Illinois Governor J.B. Pritzker posted in a statement on Facebook, “As a civil rights leader, Rev. Dr. Leon Finney Jr. worked to make our state a better place. At a time when so many of our great civil rights giants have been called home and when the need for equity and justice is again at the forefront, this loss comes at an especially poignant moment. My heart is with his family, friends and the countless people he touched.”
Cook County Board President Toni Preckwinkle said, “Rev. Dr. Leon Finney, Jr. was an icon in the Woodlawn community. From preaching in the pulpit of Metropolitan Apostolic Community Church, Rev. Finney devoted his life to serving others. It goes without question Rev. Finney’s legacy will be long-lasting. I extend my sincere condolences to his family during this difficult time.”
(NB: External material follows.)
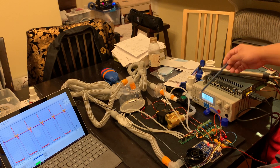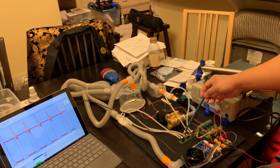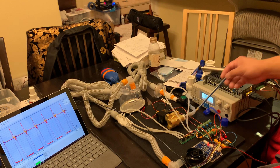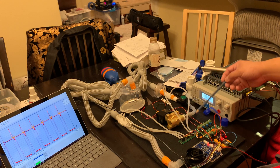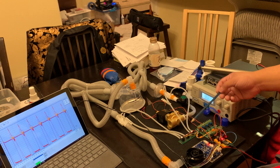We've also replaced all three of our pressure sensors — our two differential pressure sensors for inhalation flow and exhalation flow, as well as our patient pressure sensor. These sensors have been replaced with units that are better suited to the range of pressures that we are measuring, which gives us better sensitivity, more signal, and less noise.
Rev. Finney also served as vice-chairman of the Chicago Public Housing Authority, board member for the Chicago Planning Commission among others, and has written several publications on economic and social development.
On Twitter, Renita Austin wrote, “RIP Leon D. Finney Jr!!! Thank you for the time I was allowed to sit under your tutelage while employed at TWO!! You taught me so much about the importance of empowering people based on their gifts and that there is strength in numbers when the people are united. You recognized my talents, defined me by and for my assets, and always engaged me as a valued member of the TWO family. Your legacy lives on, rest well good and faithful servant!!!”
“WOW! I can’t believe this … Rev. Leon Finney was an awesome, Man of God, he’s mentored so many people, just found out that he has passed, I’m praying The Lord’s Strength for The Finney Family…,” posted Steven Hunley on Facebook the night the reverend’s passing was announced.
Local activist Mark Allen said in an emotional Facebook video, “Leon Finney came to lift me up when other people didn’t, and then the last thing was when I was fighting cancer, the world didn’t care then. … I sent letters all over the place and a whole lot of people didn’t answer but once again, here comes Leon Finney who helped saved me personally and professionally …We might need to take one of his offices on 63rd and make that into the Leon Finney Legacy Office.”
Rae Lewis-Thornton on Twitter posted, “My heart is heavy to learn the passing of Rev. Dr. Leon Finney. With all of his flaws he was still a giant of a man. He was my friend and my memoir. Rest In Peace Doc. #rip #chicago”.
“Rev. Dr. Finney & I have worked closely on so many projects & had more to work on. You were a mentor to me, you’ve sponsored many projects & invested in the community. You were a Great Man! Words can’t express how much I will miss you Doc. Rest in Power Dr. Leon D. Finney,” Mbombock Lambe wrote.